Copper(II) complexes of tetraaza macrocycles bearing pendant arms: syntheses, structures and properties

Abstract

A new difunctionalized tetraaza macrocycle, 1,8-bis(2-hydroxyethyl)-5,5,7,12,12,14-hexamethyl-1,4,8,11-tetraazacyclotetradecane, H2L2 has been synthesized in one step by the reaction of ethylene oxide and C-rac-5,5,7,12,12, 14-hexamethyl-1,4,8,11-tetraazacyclotetradecane (L1). The crystal structure of [Cu(H2L2)][ClO4]2 1 shows the metal ion in tetragonally elongated octahedral geometry, co-ordinated by the oxygen atoms of the pendant arms in the trans-axial position. Copper(II) complexes were also synthesized and characterized from other 1,8-disubstituted macrocyclic ligands L3, L4, HL5, H2L6, L8 and H2L9. The molecular structure of [CuL3][ClO4]2 2 (R1 = R2 = CH2CH2CN) and [CuL5]ClO4, 4 (R1 = H, R2 = CH2CO2–) shows the macrocycle in trans-I configuration with square planar and distorted square pyramidal geometries respectively at the metal centers. The structures of complexes [CuL8][ClO4]2 6 [L8 = 1,8-bis(2-cyanoethyl)-4,7,11,14-tetramethyl-1,4,8,11-tetraazacyclotetradecane] and [Cu(H2L9)][ClO4]2 7 (corresponding CH2CO2H derivative) show the macrocyclic ligand in the trans-III configuration. Interestingly the two pendant acetic acid groups of H2L9 in 7 remain protonated and co-ordinate through the carbonyl oxygen atoms in trans-octahedral geometry. The cyclic voltammetric studies of the complexes revealed that the copper(I) oxidation state is highly stabilized by the ligands L3 and L8. The pH dependent co-ordination geometry changes of complexes 4, [CuL6] 5 (R1 = R2 = CH2CO2–) and 7 based on the changes in their electronic spectra are discussed.
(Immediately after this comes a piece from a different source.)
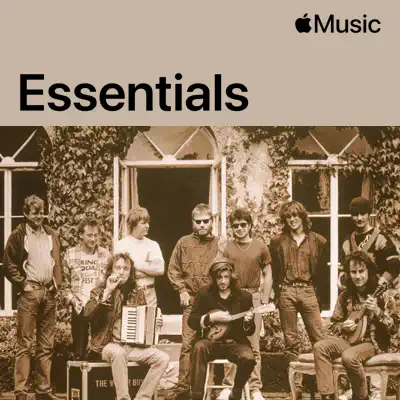 The Waterboys Essentials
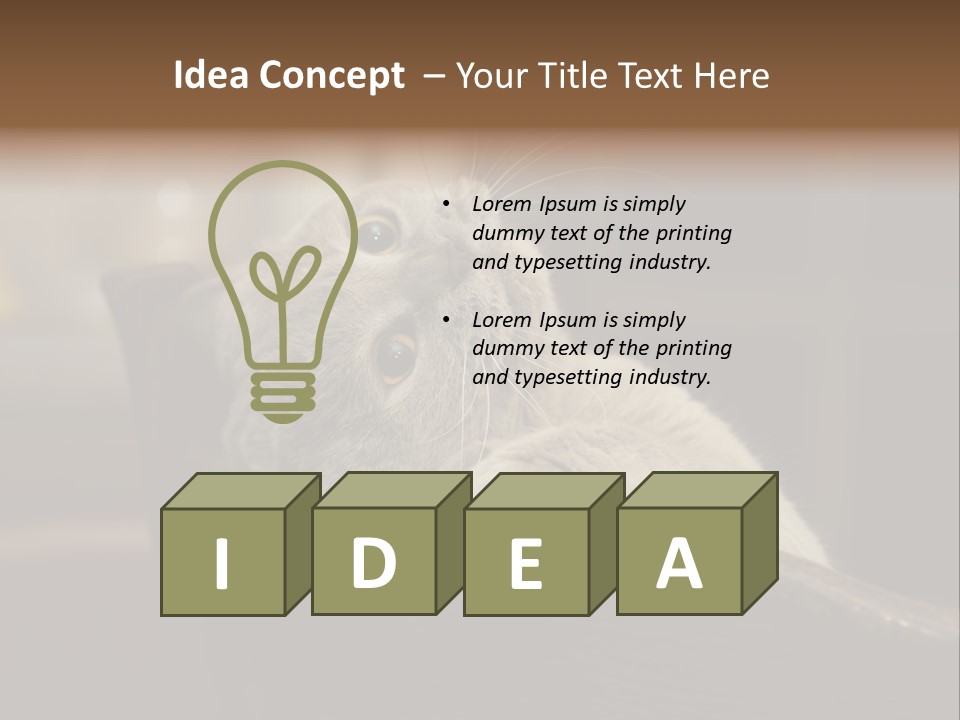 A Gray Cat Laying On Top Of A Wooden Table PowerPoint Template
The kinetics of acid promoted dissociation reactions of complexes 2 and 6 has been studied in HCl–NaCl solutions (I = 5.0 M). The possible mechanisms of the reactions, the factors influencing the rate and the relative importance of the solvent separation and protonation pathways are discussed.